Dataset entries
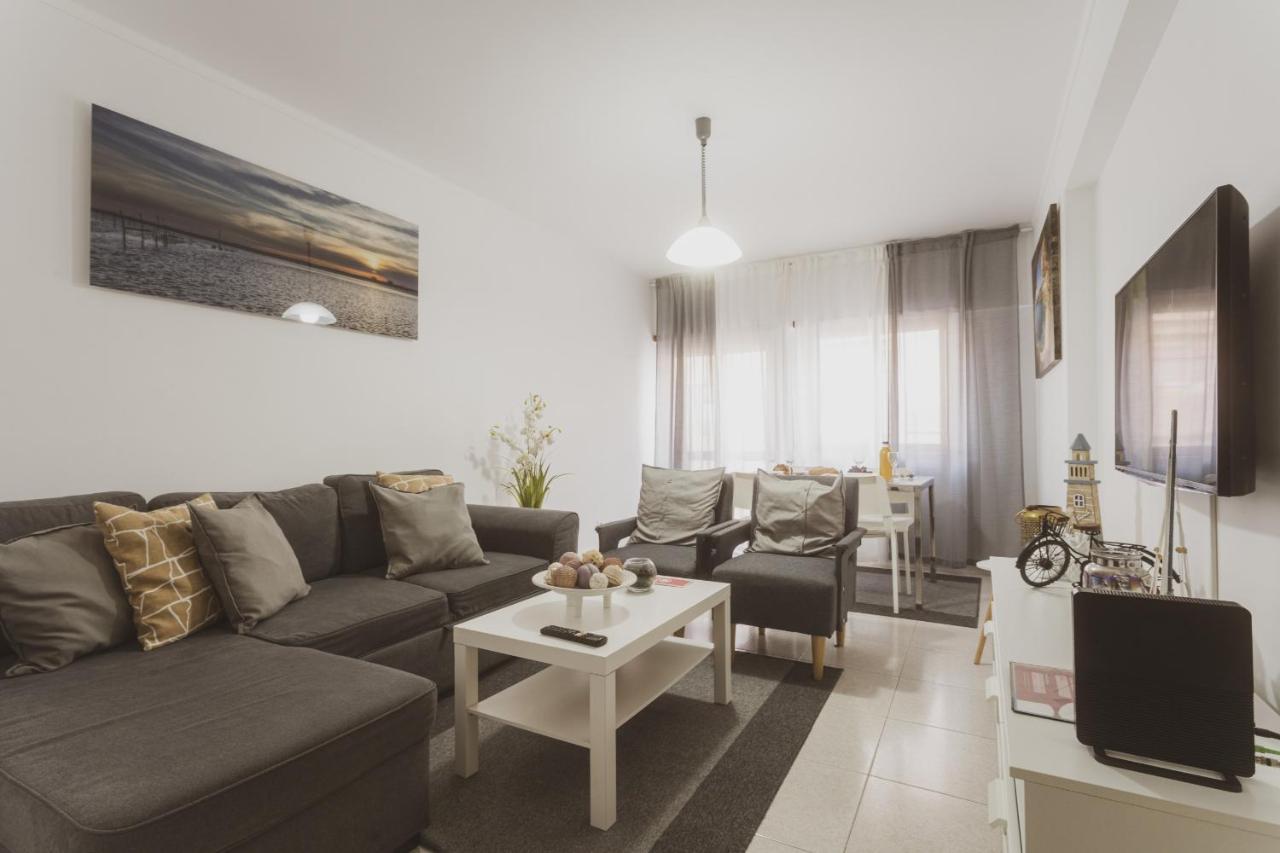 Best Houses 20 - Lovely Apartament - Peniche Eksteriør billede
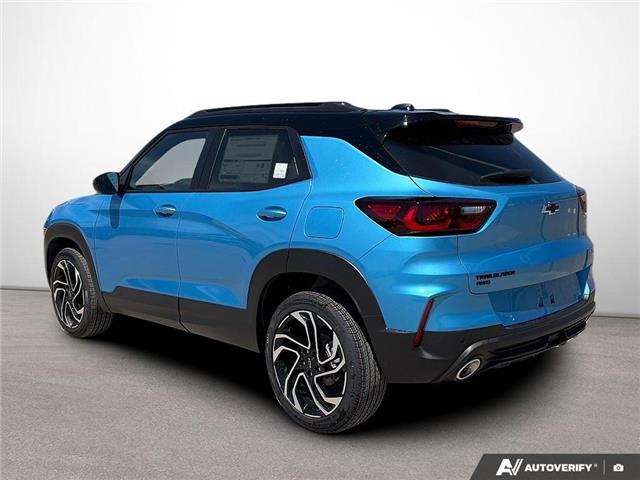 2026 Chevrolet TrailBlazer RS (Stk: 2-13647) in Oshawa - Image 4 of 21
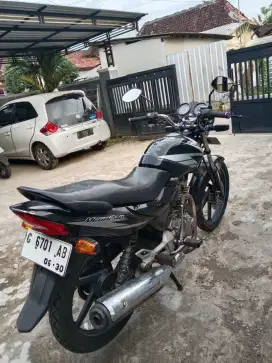 Megapro primus plat G pekalongan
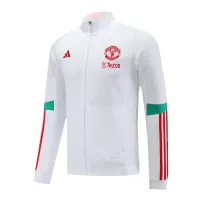 Manchester United Training Kit (Jacket+Pants) White 2023/24 - view 17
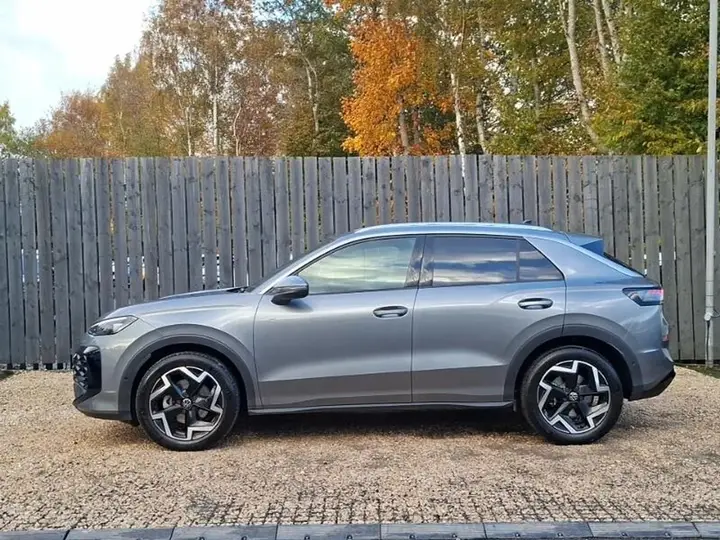 Volkswagen T-Roc 2026 photo 4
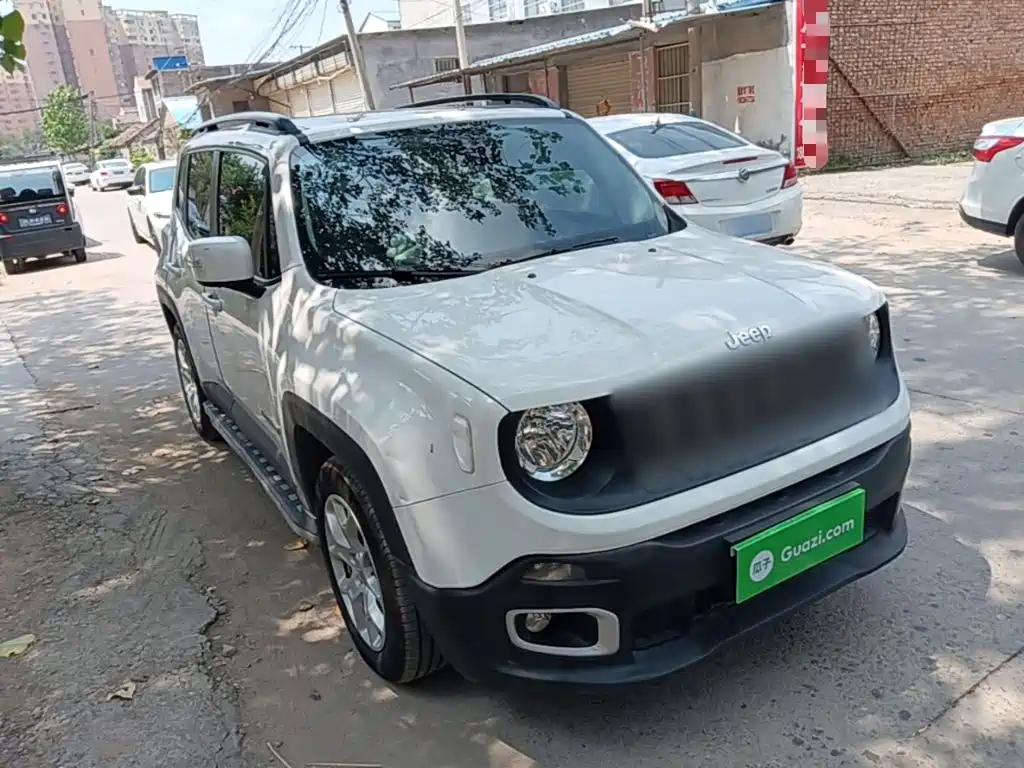 Jeep Renegade — миниатюра 4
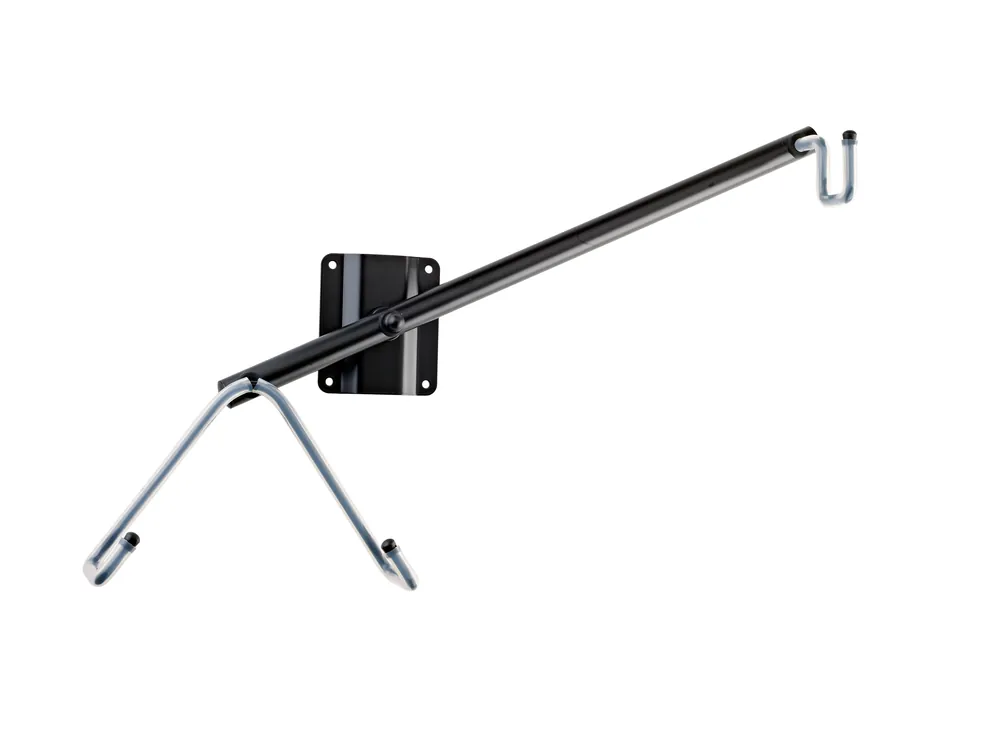 Abverkauf K&M 16295 E-Gitarrenwandhalter für E-Gitarre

> WHAT IS BEING ASKED
With the pictures left aside, set down each entry above exactly as it stands.

> ANSWER SPACE
 Best Houses 20 - Lovely Apartament - Peniche Eksteriør billede
 2026 Chevrolet TrailBlazer RS (Stk: 2-13647) in Oshawa - Image 4 of 21
 Megapro primus plat G pekalongan
 Manchester United Training Kit (Jacket+Pants) White 2023/24 - view 17
 Volkswagen T-Roc 2026 photo 4
 Jeep Renegade — миниатюра 4
 Abverkauf K&M 16295 E-Gitarrenwandhalter für E-Gitarre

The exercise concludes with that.